That’s the theme this month. This collection of trends focuses on adding emphasis to the design with specific detailing from italics to split screens to stark, minimalist backgrounds paired with a trick or two.
Here’s what’s trending in design this month:
1. Split Screens
Split screen design was something that started gaining traction in mid-2016 and now it is a big deal. Browse through collections of website design and split screen outlines are everywhere.
What’s nice is how quickly the style has evolved. Early split screen designs featured mostly symmetrical designs with a yin and yang style aesthetic. The new split screens have a more “anything goes” feel to them.
The three examples below show three very different ways to use the same trend.
- Rency uses a split design to contain a loop video and the main navigation.

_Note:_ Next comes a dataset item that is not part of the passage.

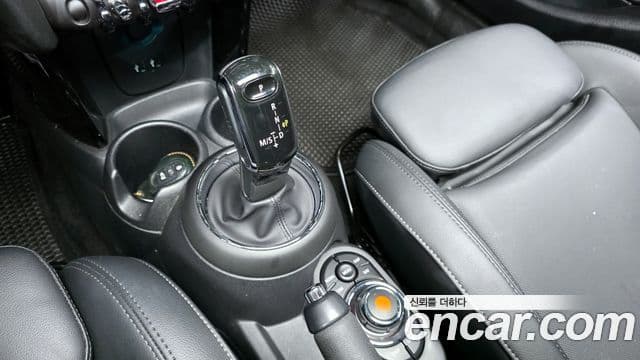 Mini Cooper 3세대, 2020 9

The contrast between the white area and red is stark and forces the eye across the screen. It also ensures the user will find the navigation because it is the only element within the colored portion of the design.
- GECN is a complex governmental site that uses a split screen to convey two different ideas with two links immediately in the design. While the split isn’t full-screen and contains a lot of text, this is a good alternative for a design with lots of calls to action, user bases or complicated content.
- Bashful uses a concept similar to Rency but with a twist: The design features a full-screen video loop and half of it is covered with a tinted color box. All the clickable elements are inside the tinted area and the navigation menu is hidden in the top right corner of the video.
What each of the examples have in common is that the split screen design adds emphasis to the content. It helps drive the users to specific elements in the design through use of color and with actual or perceived movement, thanks to contrasting “screens.”
The best part of the newer split screen designs is that there’s an asymmetrical flow to them. Designers aren’t stuck in a yin and yang format and the result is much more interesting visual patterns.